In the entries below, find the lines with the word "dark" and copy them.

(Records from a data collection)
━━━━━━━━━━━━━━━━━━━━━━━━━━━━━━
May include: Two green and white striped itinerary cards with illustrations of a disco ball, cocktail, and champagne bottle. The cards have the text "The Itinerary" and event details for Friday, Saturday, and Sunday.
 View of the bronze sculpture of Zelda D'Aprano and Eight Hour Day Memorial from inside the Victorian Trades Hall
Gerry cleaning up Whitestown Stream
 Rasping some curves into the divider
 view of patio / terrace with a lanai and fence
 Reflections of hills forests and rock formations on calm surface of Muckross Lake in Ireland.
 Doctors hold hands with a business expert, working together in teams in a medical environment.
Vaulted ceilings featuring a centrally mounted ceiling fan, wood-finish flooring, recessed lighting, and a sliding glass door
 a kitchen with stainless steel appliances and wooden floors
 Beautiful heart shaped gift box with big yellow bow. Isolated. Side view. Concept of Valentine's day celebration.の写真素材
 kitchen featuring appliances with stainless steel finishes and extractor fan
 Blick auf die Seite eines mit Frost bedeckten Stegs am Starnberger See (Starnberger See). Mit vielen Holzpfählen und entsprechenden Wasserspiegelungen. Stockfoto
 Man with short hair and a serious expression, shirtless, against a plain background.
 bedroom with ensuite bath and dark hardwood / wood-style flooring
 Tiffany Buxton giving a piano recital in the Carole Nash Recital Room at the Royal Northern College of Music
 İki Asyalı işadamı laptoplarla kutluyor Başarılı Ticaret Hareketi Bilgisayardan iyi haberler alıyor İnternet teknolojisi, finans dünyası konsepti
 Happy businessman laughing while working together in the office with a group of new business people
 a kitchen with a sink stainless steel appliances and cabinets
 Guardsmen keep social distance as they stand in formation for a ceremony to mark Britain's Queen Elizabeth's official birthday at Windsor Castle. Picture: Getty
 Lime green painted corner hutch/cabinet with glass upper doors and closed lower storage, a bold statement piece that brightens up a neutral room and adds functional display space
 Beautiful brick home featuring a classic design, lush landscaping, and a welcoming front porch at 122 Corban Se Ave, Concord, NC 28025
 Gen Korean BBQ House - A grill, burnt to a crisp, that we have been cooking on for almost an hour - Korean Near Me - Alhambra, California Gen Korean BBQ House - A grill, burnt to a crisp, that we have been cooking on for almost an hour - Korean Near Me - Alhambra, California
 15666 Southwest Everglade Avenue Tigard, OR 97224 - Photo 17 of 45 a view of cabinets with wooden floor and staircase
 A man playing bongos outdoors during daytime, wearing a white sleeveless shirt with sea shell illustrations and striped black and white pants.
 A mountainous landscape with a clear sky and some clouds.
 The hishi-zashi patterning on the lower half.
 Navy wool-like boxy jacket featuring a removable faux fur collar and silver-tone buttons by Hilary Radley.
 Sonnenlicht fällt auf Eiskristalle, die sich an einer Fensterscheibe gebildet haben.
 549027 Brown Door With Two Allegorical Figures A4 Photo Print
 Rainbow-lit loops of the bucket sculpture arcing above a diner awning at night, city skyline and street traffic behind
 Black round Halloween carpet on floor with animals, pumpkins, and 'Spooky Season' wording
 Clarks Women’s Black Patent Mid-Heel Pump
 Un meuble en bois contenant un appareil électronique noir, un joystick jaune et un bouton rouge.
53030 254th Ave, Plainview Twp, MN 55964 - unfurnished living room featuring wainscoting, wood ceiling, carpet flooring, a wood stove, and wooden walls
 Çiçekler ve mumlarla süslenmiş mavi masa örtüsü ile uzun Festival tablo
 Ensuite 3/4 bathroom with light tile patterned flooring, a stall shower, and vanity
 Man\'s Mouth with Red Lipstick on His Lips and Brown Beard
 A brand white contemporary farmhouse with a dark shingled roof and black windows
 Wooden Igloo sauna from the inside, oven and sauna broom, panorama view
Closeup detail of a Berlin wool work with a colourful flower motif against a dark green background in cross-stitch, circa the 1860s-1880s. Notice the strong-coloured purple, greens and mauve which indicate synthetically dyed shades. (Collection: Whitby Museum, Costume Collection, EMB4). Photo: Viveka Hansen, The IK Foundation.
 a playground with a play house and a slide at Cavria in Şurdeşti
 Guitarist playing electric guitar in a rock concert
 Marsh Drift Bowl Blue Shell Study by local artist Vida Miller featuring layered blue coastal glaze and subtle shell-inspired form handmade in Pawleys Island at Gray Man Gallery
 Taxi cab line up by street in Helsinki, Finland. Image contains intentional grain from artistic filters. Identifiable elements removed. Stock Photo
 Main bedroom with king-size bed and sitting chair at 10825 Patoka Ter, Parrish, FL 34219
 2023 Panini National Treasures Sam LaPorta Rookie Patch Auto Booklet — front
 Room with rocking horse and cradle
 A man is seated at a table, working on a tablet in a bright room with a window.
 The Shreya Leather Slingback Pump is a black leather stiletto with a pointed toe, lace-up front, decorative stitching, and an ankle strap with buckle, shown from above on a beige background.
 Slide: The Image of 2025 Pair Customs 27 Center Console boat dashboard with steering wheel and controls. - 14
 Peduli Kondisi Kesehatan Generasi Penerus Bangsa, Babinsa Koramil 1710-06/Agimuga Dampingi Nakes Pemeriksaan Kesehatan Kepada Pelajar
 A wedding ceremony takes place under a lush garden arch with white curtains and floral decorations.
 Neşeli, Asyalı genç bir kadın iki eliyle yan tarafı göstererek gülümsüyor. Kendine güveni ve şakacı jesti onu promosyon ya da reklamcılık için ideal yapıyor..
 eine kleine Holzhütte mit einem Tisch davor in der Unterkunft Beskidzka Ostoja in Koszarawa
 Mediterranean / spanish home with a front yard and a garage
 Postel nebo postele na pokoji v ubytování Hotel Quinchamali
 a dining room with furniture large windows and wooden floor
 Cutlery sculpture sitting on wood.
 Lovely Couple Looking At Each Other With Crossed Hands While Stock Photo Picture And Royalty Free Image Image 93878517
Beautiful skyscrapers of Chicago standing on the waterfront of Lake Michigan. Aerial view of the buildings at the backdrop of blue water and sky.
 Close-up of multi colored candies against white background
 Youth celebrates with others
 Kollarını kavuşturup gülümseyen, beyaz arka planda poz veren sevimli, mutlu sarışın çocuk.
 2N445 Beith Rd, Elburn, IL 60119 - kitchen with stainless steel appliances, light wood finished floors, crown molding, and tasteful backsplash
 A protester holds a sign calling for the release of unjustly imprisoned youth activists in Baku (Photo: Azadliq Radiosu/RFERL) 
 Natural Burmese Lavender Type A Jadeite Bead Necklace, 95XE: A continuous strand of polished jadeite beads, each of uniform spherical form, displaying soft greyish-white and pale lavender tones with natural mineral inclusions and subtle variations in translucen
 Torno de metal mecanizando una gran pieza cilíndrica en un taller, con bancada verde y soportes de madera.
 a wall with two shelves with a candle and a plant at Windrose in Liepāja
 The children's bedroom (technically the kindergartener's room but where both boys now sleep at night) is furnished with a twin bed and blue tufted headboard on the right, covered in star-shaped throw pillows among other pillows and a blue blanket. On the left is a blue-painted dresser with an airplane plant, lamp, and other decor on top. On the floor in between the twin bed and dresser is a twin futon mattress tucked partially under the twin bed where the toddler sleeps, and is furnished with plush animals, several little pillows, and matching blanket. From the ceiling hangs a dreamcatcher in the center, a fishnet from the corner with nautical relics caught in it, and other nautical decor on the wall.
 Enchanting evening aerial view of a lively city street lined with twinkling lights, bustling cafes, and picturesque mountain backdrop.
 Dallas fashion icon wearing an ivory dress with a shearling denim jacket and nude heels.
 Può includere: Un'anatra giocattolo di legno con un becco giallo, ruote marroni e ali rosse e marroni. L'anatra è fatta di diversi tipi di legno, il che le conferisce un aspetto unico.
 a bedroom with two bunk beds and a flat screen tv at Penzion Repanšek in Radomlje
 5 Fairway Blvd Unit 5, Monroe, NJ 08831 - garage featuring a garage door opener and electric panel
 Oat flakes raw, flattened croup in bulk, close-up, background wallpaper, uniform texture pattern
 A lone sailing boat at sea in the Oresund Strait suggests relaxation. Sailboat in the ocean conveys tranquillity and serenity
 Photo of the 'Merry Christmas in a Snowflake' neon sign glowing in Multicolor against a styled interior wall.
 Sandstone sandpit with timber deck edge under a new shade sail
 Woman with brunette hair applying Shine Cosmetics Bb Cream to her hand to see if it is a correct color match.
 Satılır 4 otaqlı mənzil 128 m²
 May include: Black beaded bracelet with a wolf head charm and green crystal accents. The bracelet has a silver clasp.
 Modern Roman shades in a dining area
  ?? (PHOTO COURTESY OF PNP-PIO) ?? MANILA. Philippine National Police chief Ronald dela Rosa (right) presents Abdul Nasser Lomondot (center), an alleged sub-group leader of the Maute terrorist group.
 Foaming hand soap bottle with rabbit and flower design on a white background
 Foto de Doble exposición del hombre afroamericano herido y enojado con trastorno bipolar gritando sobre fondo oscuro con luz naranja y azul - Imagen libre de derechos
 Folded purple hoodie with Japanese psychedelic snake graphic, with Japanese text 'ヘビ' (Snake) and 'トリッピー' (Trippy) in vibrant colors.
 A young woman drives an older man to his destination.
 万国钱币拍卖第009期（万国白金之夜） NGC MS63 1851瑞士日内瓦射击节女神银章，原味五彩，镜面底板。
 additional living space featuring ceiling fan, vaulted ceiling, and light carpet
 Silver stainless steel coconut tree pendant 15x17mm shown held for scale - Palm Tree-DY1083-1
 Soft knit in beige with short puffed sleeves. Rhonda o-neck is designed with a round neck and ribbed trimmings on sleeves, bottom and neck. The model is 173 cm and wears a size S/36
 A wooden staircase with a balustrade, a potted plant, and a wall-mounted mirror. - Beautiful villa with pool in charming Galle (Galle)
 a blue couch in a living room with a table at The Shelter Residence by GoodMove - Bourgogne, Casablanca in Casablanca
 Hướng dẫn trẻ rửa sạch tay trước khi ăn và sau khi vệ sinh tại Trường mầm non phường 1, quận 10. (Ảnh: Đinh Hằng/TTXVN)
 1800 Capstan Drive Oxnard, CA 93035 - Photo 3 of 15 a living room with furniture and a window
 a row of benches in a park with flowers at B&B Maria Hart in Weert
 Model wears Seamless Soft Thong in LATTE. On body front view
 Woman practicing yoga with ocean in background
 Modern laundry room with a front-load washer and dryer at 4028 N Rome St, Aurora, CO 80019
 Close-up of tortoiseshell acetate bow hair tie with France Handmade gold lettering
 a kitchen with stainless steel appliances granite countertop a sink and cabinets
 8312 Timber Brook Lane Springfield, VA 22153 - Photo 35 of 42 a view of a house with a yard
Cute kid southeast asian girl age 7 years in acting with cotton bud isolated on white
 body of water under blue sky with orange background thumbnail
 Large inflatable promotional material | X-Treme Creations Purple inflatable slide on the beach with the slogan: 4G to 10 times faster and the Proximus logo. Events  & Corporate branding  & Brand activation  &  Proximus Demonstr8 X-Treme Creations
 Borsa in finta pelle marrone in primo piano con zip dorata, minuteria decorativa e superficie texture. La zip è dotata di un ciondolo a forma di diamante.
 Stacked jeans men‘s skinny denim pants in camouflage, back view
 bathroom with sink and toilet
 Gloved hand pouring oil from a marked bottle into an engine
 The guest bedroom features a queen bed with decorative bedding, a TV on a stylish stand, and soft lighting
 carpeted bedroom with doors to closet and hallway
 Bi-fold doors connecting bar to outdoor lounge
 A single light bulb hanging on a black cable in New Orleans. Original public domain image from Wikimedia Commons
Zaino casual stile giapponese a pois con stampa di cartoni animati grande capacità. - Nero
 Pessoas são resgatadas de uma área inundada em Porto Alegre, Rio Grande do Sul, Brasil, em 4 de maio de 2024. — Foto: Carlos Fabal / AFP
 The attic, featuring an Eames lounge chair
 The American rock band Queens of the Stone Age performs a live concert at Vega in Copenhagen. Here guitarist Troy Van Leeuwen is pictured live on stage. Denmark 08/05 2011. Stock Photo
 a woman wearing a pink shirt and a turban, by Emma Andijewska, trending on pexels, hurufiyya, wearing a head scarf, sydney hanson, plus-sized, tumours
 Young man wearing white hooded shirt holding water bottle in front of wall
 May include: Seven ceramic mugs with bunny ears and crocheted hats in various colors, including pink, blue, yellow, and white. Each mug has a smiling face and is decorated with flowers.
━━━━━━━━━━━━━━━━━━━━━━━━━━━━━━
Your solution:
 bedroom with ensuite bath and dark hardwood / wood-style flooring
 A brand white contemporary farmhouse with a dark shingled roof and black windows
Closeup detail of a Berlin wool work with a colourful flower motif against a dark green background in cross-stitch, circa the 1860s-1880s. Notice the strong-coloured purple, greens and mauve which indicate synthetically dyed shades. (Collection: Whitby Museum, Costume Collection, EMB4). Photo: Viveka Hansen, The IK Foundation.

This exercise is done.